## Exercise requirements
Find the line that holds "Charly, Heike und" in the material below. Output that line and each one after it exactly, but not the pictures.

## Input data
◇ ◇ ◇ ◇

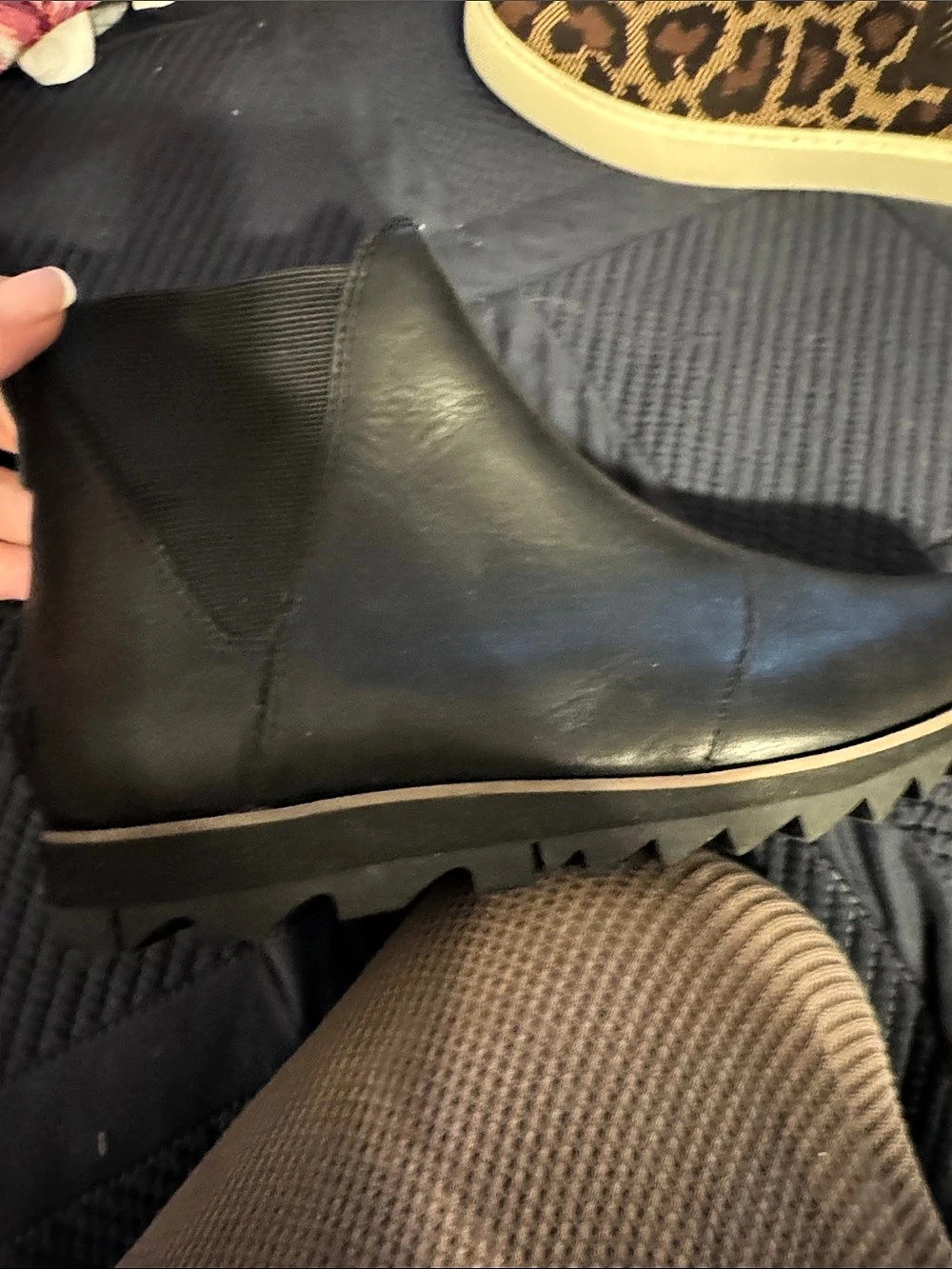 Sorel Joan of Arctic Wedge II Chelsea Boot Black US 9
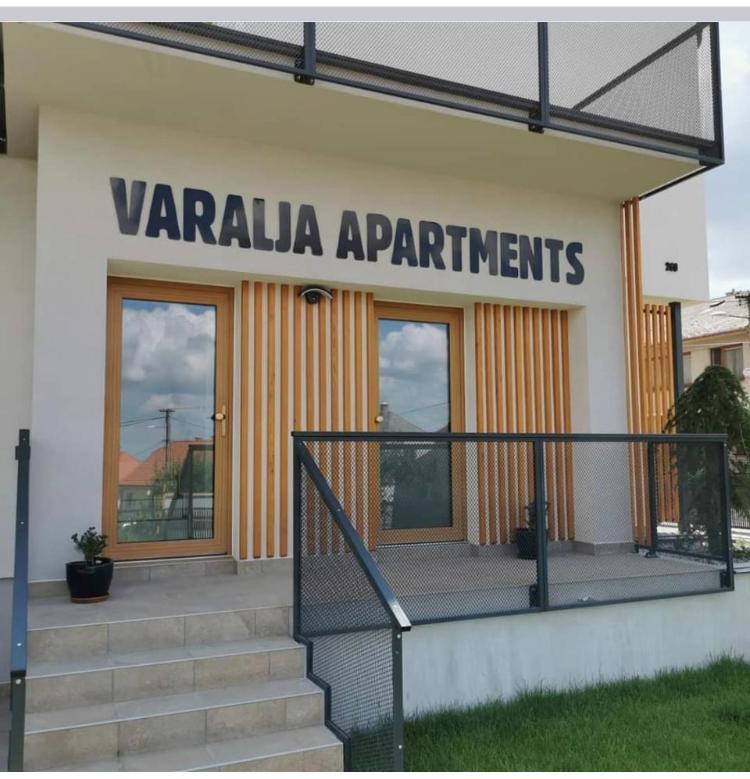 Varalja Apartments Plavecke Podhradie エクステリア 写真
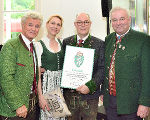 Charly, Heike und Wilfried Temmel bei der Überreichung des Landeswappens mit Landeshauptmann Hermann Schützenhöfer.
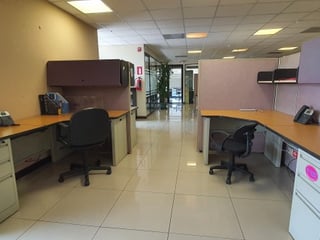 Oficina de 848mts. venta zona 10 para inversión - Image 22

◇ ◇ ◇ ◇

## Answer to this task
 Charly, Heike und Wilfried Temmel bei der Überreichung des Landeswappens mit Landeshauptmann Hermann Schützenhöfer.
 Oficina de 848mts. venta zona 10 para inversión - Image 22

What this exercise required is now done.